Like what? Cory provides, if you read the article, five recommendations not to languish. They’re micro-recommendations, in the sense that if you do these things, like helping people, or finding spirituality, and so forth, you’ll feel more meaning and purpose. But the question is the one that ever rises when psychology and society collide.
If this tidal wave of languishing is produced by broken systems and institutions, then to what extent is the solution to it individual? To what extent can the solution to it be? That’s an unfair question, because of course, Cory’s goal isn’t fixing the system, just aiding people in their quest for well-being. But when we have these discussions, the sort of elephant in the room is: if our world is broken because our systems and institutions are, if they can’t provide us stable careers, social bonds, financial security, a sense that we matter, the recognition that we count, and much, much more—then to what extent will we just…languish…more and more…no matter our daily habits?

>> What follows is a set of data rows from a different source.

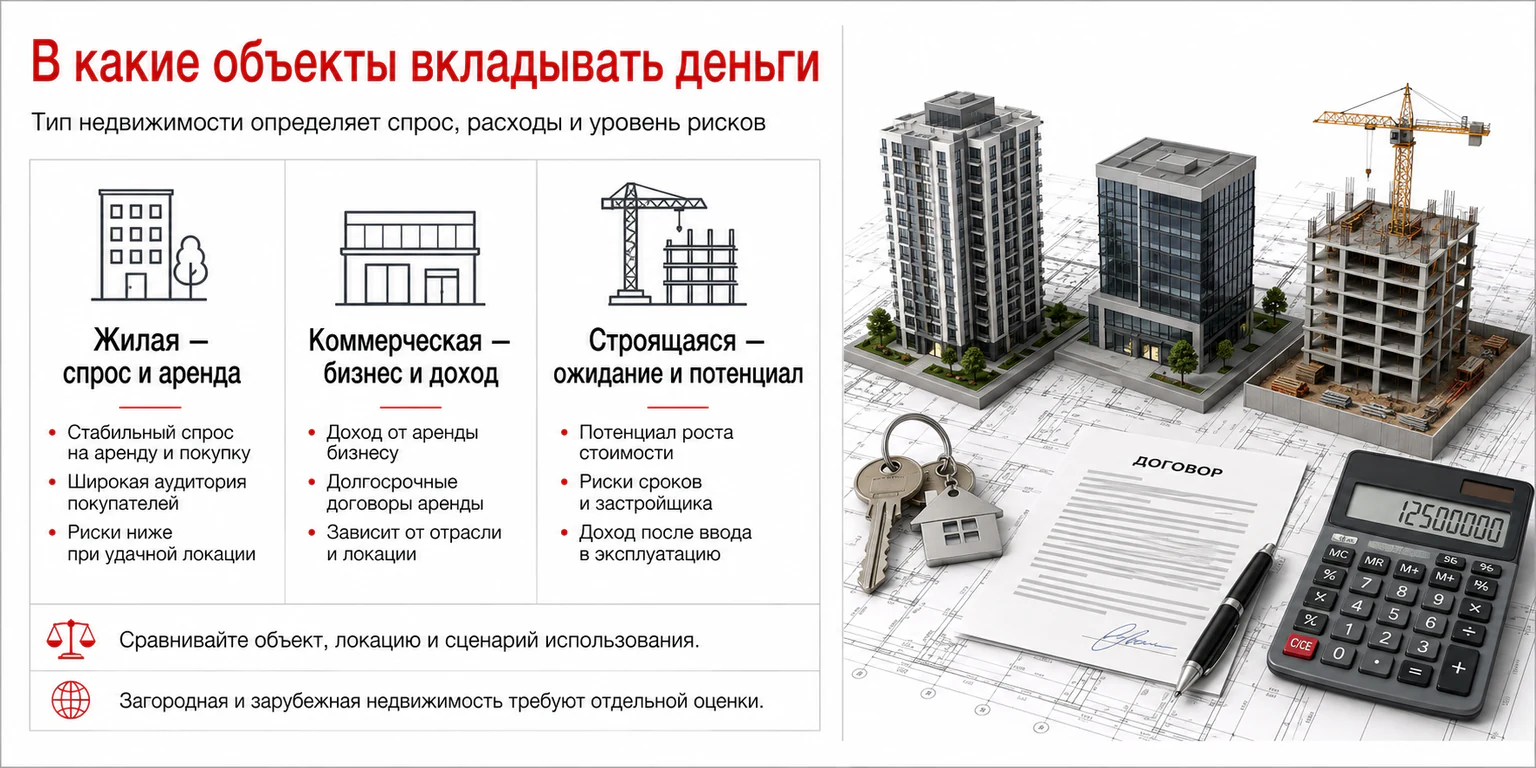 Инфографика: объекты для инвестирования в недвижимость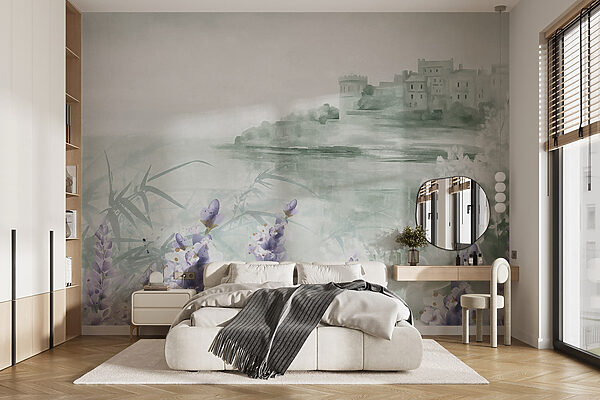 Aquarellmalerei eines Schlosses und Blumen Aquarellmalerei eines Schlosses und Blumen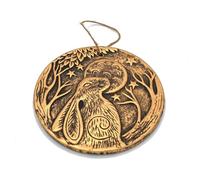 Superbe Plaque Circulaire en Terre Cuite Finition cuivre - 20 cm x 20,5 cm (1 pièce) - Motif lièvre regardant la Lune - Parfait pour Une Utilisation en intérieur et en extérieur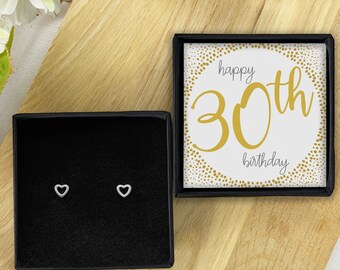 30th Birthday Gift Girl - Silver Heart Earrings - Present Friend Daughter Niece Goddaughter Granddaughter - Jewellery Solid 925 - Personal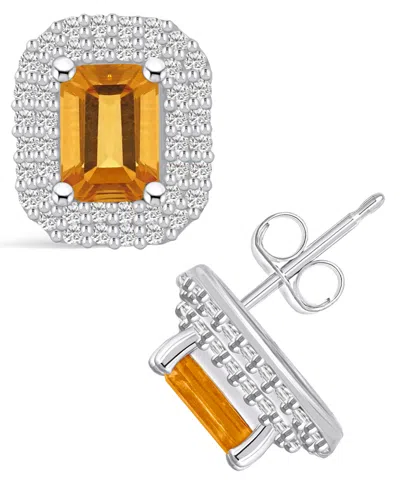Macy's Citrine (2 Ct. T.w.) And Diamond (3/4 Ct. T.w.) Halo Stud Earrings In 14k White Gold
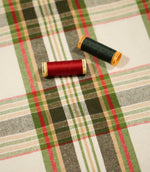 Highland Tartan Fabric / Ivory / Green
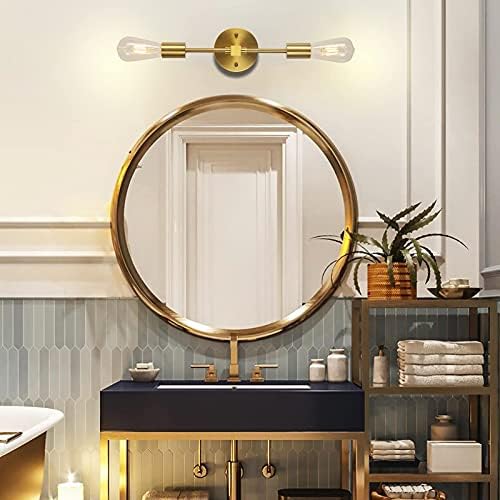 BAODEN Brushed Brass Bathroom Wall Sconce 2 Lights Vanity Modern Industrial Wall Lamp Pole Wall Mount Lighting FixtureGold Color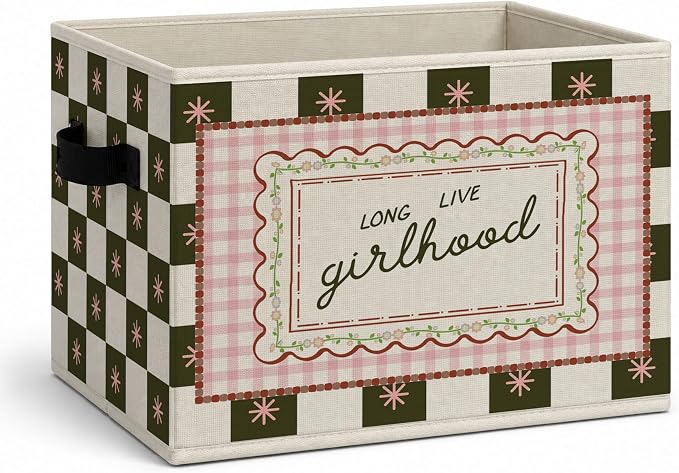 Girls Nursery Storage Bins Box, Sweet Positive Collapsible Organizer Basket | affirmative cheerful storage box basket for books clothes, pink gingham organizer for nursery bedroom playroom, 10x14 in by Unknown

That’s a tough question. The economist in me has a tough answer, too. We have to reinvent and reform our systems. One failure was when they couldn’t generate higher living standards, and generations fell into downwards mobility. But today we stand atop the rubble of another failure, which is that having consigned people to languish, those groups turned, in their despair, meaninglessness, emptiness, and lack of purpose, to demagogues, and now the pillar of civilization, democracy itself, is imperiled around the globe. We need to fix our systems, as I’ve always said, for eudaimonia, which is the presence of well-being, because right now, they’re producing languishing, which is its opposite.
I hope that helped you make sense of this troubled age a little bit. Cory’s idea, like I said, is a brilliant and beautiful one—just the kind we need if we’re to make the paradigm shifts we need to get out of the mess we’re in. Thanks for reading, comment away, let me know if you’re languishing, if you can see it in your friends, loved ones, the world around you, and what you think about it all (and thanks, Cory, for this breakthrough in human thought.)